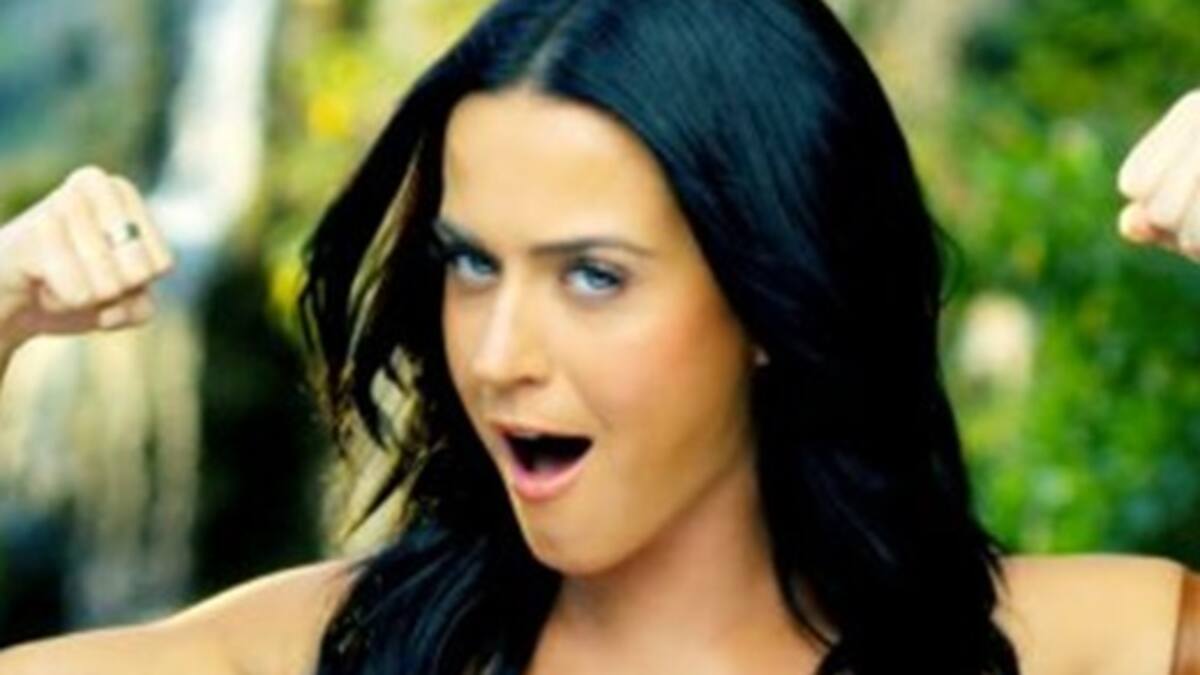 Katy Perry estrena "Dark Horse"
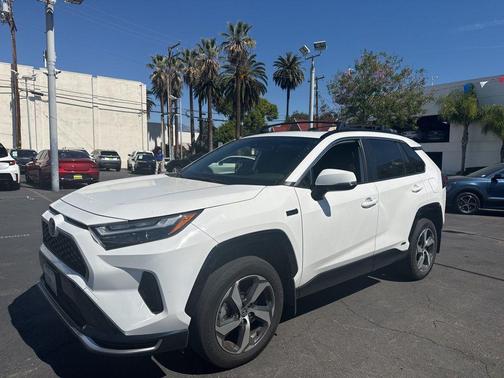 2023 Toyota RAV4 Prime SE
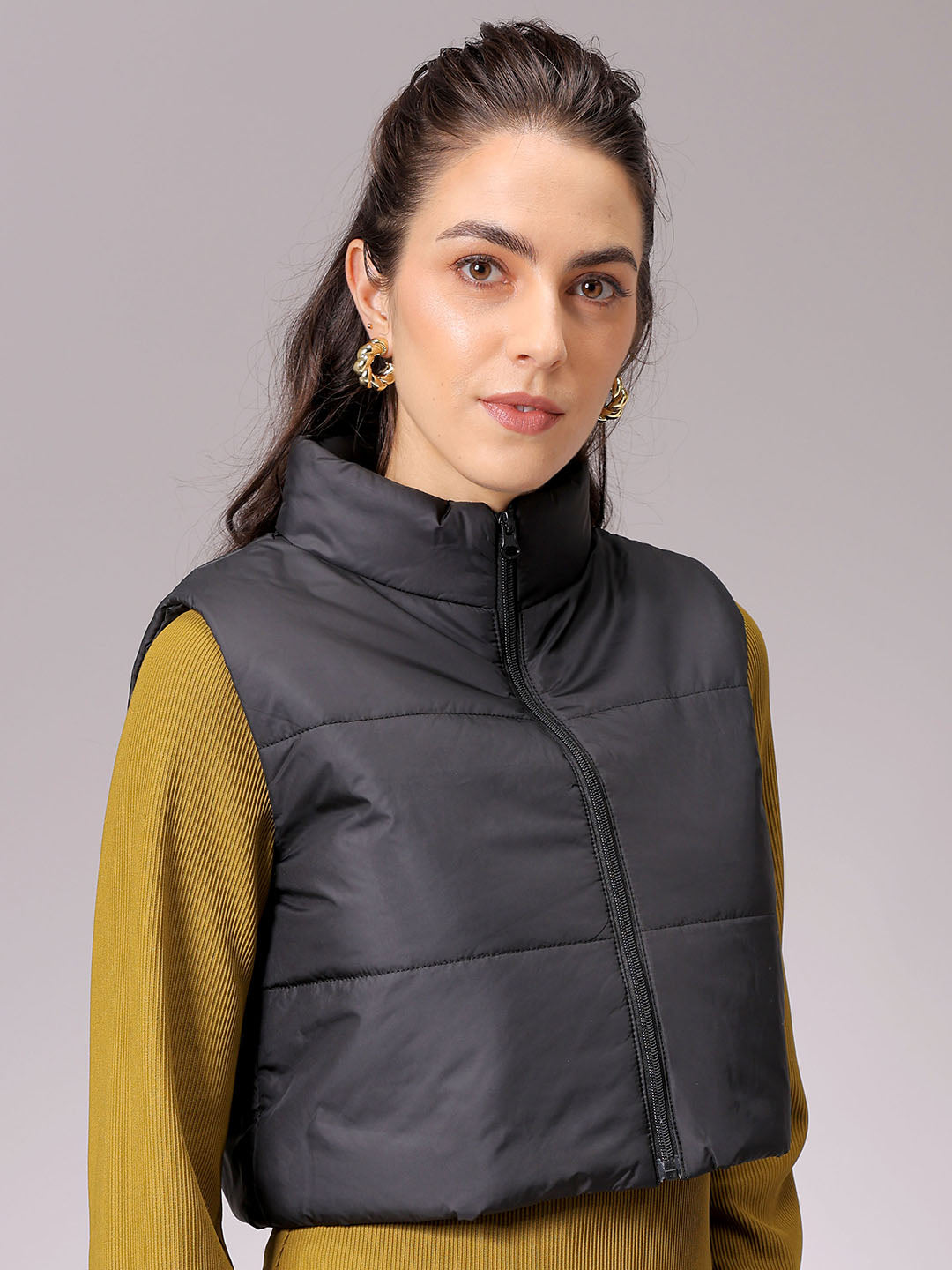 Women's Black Regular Fit Solid Cropped Quilted Jacket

*Work to be completed*. Could you repeat all of the material exactly? Pictures should not be copied.

*Output for this task*.
 Katy Perry estrena "Dark Horse"
 2023 Toyota RAV4 Prime SE
 Women's Black Regular Fit Solid Cropped Quilted Jacket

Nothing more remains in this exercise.